AMD Zen 5 RDSEED bug threatens cryptographic key generation

AMD has confirmed a hardware defect in the RDSEED instruction on Zen 5 processors that can return zero values for 16- and 32-bit reads, potentially weakening newly generated cryptographic keys; firmware and microcode updates are being distributed and users should apply vendor BIOS updates and consider regenerating sensitive keys.
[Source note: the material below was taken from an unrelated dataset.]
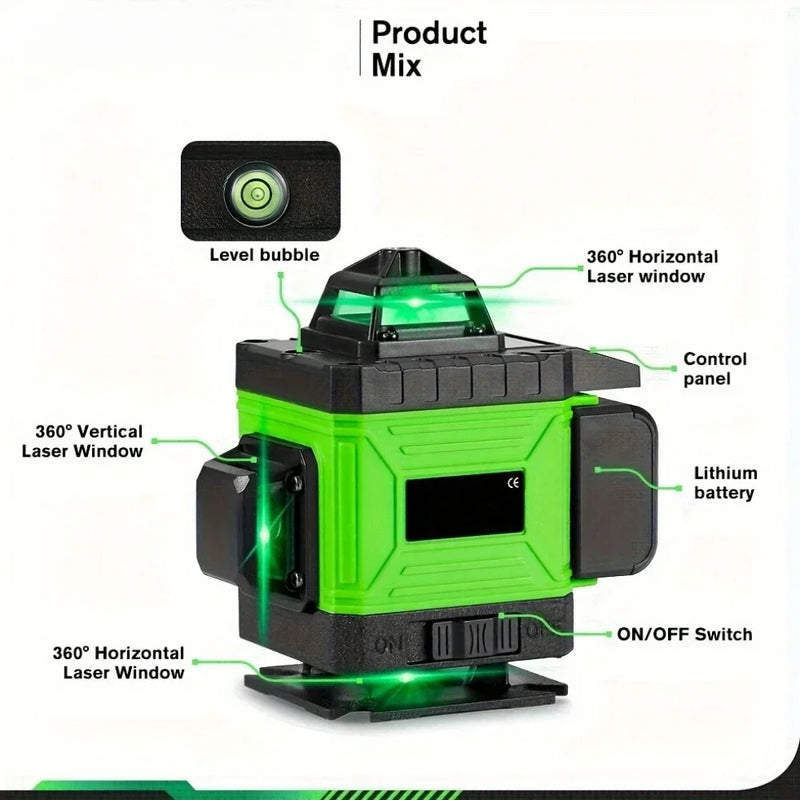 Ferramenta de construção profissional 16 linhas 4D autonivelante nível a laser estoque Brasil bateria 2400mAh controle remoto Bluetooth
AMD has acknowledged a hardware defect affecting the RDSEED instruction on its Zen 5 processors, logged as AMD-SB-7055 and assigned CVE-2025-62626. The company says the 16-bit and 32-bit forms of RDSEED can return zero values that may be misinterpreted as a successful entropy read, while the 64-bit form does not appear to be impacted. AMD rates the issue as high severity and emphasizes that RDSEED is a low-level source of entropy used for cryptographic keys and other security functions.

The immediate risk is that predictable or zero-valued entropy reads could produce weaker keys or nonces if software treats those returns as valid. As interim mitigations, AMD recommends preferring the 64-bit RDSEED path where possible, masking the affected RDSEED forms from software discovery, or treating a zero return as a failure and retrying. The company is distributing firmware and microcode updates to original equipment manufacturers to correct the issue.

AMD’s advisory lists product-family target dates for fixes, including AGESA TurinPI 1.0.0.8 for EPYC 9005 with a target date of November 14, 2025, and target timelines for consumer families in late November 2025. Users are advised to install vendor BIOS and microcode updates when they become available and to consider regenerating any sensitive keys created on unpatched systems. Until updates are applied, following the suggested software workarounds can reduce exposure.